Jadhav’s case is rather curious. For one, seldom do batsmen break into the Indian team outside the parentheses of youth, given the endless supply of talent. That, he made it at 29, and continues to remain in contention at 32, is testament to the ability we have only seen in flashes. That is perhaps a corollary of the fact that in 28 matches, he has occupied the No 6 slot on 17 occasions. The archetypal problem with batting lower down the order is that contributions often go unnoticed.
Hence, notwithstanding a match-winning hundred against England, and copious cameos that amnesia-stricken cricket fans would have forgotten in a hurry, his future could hinge on his performances higher up the order, as India continue to experiment. That presents a make-or-break opportunity to Jadhav that he has thus far squandered, falling prey to the mysteries of Akila Dananjaya. The perils of batting higher up are that the failures are flagrantly conspicuous.

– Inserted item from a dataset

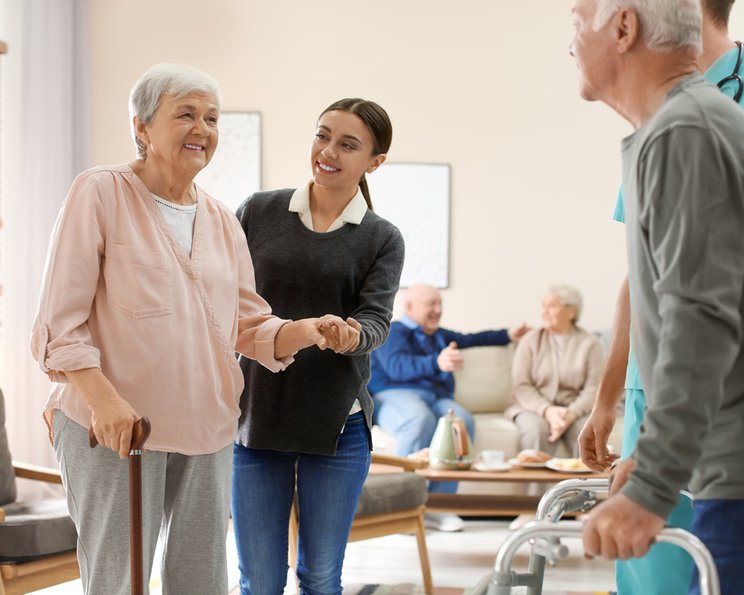 Sturzprophylaxe: 6 Tipps für die Pflege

In addition to a slew of poor scores, his fielding has been of a standard that would have been unacceptable even during WG Grace’s time. No wonder then, he cut a lonely figure down at the third man boundary at the start of the third ODI. Not that it helped his cause, as he let the first ball slip past his diving body into the boundary, like it possessed the properties of water, not leather. It was an inauspicious start to a largely forgetful outing. Both his catching and ground-fielding have made it impossible to hide him anywhere, the scope of which has rapidly diminished in limited overs cricket.

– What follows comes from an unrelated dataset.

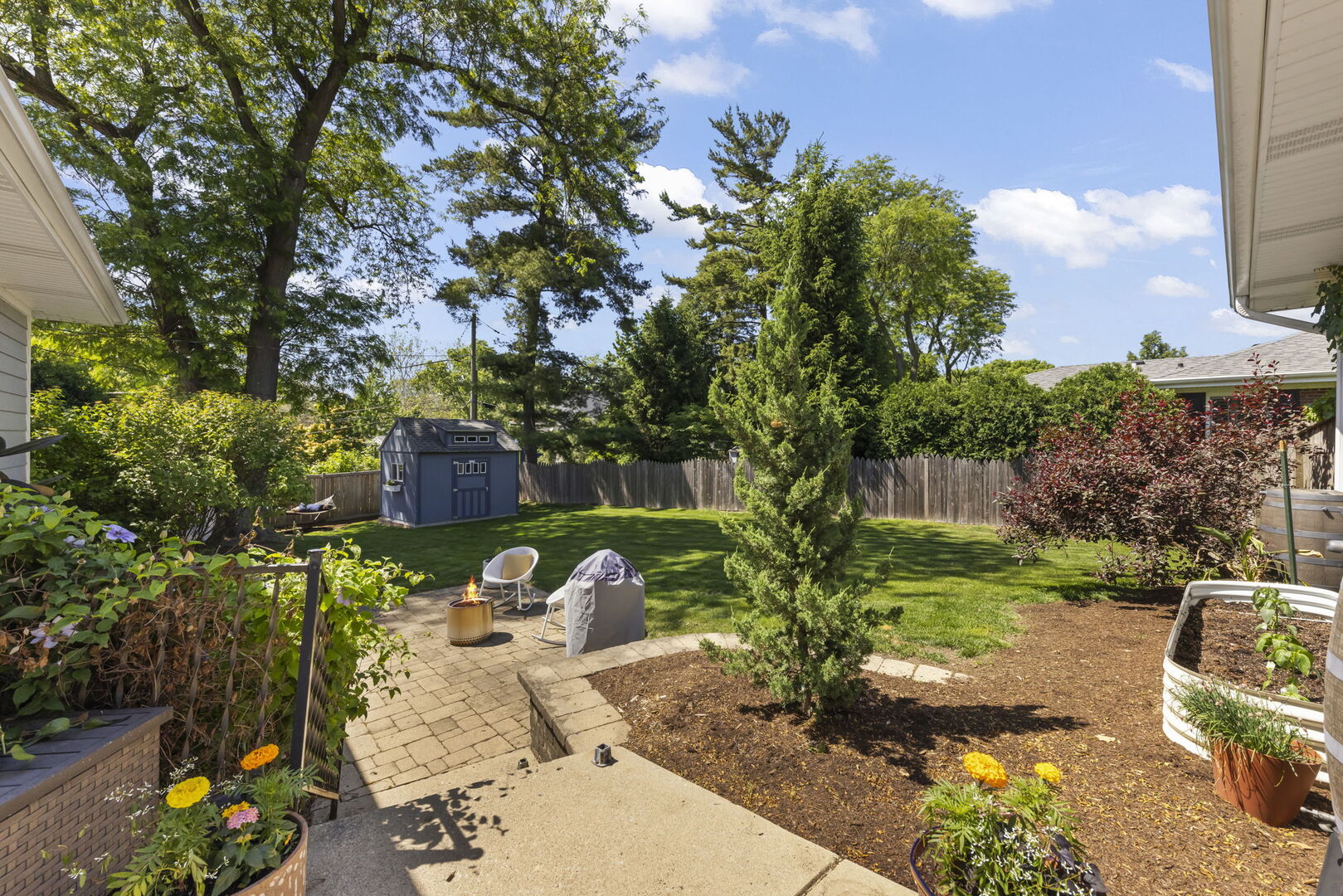226 Woodstock Avenue, Glen Ellyn, IL 60137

On the other hand, his part-time off-spin has been an inscrutable revelation since the first time he was thrown the ball in an ODI against New Zealand. Seemingly innocuous, he has frustrated oppositions with the lack of bounce, due to his low-arm action, and often coaxed them into benevolently gifting their wickets away. He has got wickets off full-tosses, long-hops and every kind of delivery conceivable, other than a classical off-break.
Often, they have been prized scalps. Like that of Kane Williamson in Mohali, and a well-set Tamim Iqbal in the semi-final of the Champions Trophy that arguably changed the complexion of the match. In that regard, Jadhav might pip anyone breathing down his neck, but with India regularly playing five genuine bowlers, is the cushion of a few useful overs enough to keep him in the side?

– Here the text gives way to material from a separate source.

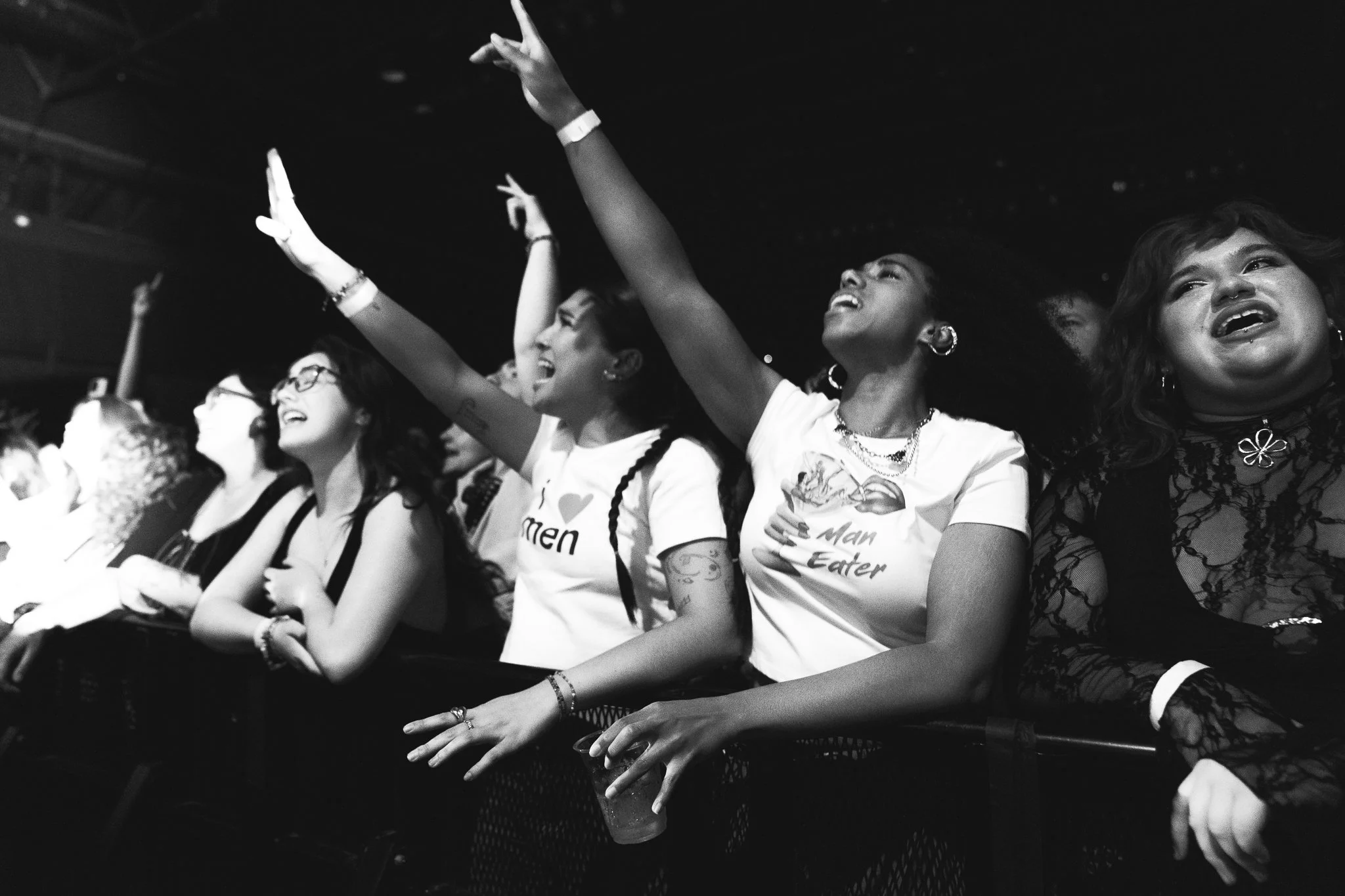  Fans on the barricade scream the lyrics of “Dancing On The Wall”: “I'm dancing on the wall when I'm with you / When I'm with you, I'm on the wall.”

Clearly, the problem is of runs, time, and cut-throat competition for a solitary spot.
Waiting in the wings is Manish Pandey, with form following him like an incorrigible stalker. Another versatile batsman, who could be maneuvered in the middle order according to the situation, he is a tempting proposition to draft into the team. Other than him, there’s Shreyas Iyer, Mumbai’s nascent blue eyed boy, blessed with ability so natural that makes trees, rivers and even the rain pale in comparison. Although a classy top-order batsman, Iyer showcased his adaptability during the Indian Premier League, where he played decisive knocks for Delhi Daredevils lower down the order. Iyer’s match-winning 140 in his last List-A game in the final of a tri-nation involving Afghanistan A and South Africa A will be fresh in the minds of the selectors.
Then there’s the curious case of Suresh Raina, who has made as many comebacks as characters in Hindi soap operas. With his three-dimensional skill-set of power-hitting, agile fielding and part-time spin, he remains eternally relevant in India’s ODI scheme of things. This ominous list does not even include India’s Test vice-captain, Ajinkya Rahane, who is part of the ODI squad in Sri Lanka. Dinesh Karthik, who was part of the Champions Trophy squad and the touring party to West Indies is also in the periphery.
The reality is, that regardless of how well Jadhav fares at the top of the order, he will be reinstated as the finisher in the long-run. Should all go to plan, that eventuality suits him best. But for the moment, he needs to be able to adapt to an unfamiliar role in a bid to seal his place. Perhaps he could take refuge in the famous words from the film The Great Debaters, “We do what we have to do in order to do what we want to do.”
But how long does he have before India make an inevitable change in their quest to finalise a core group of players with an eye on the World Cup?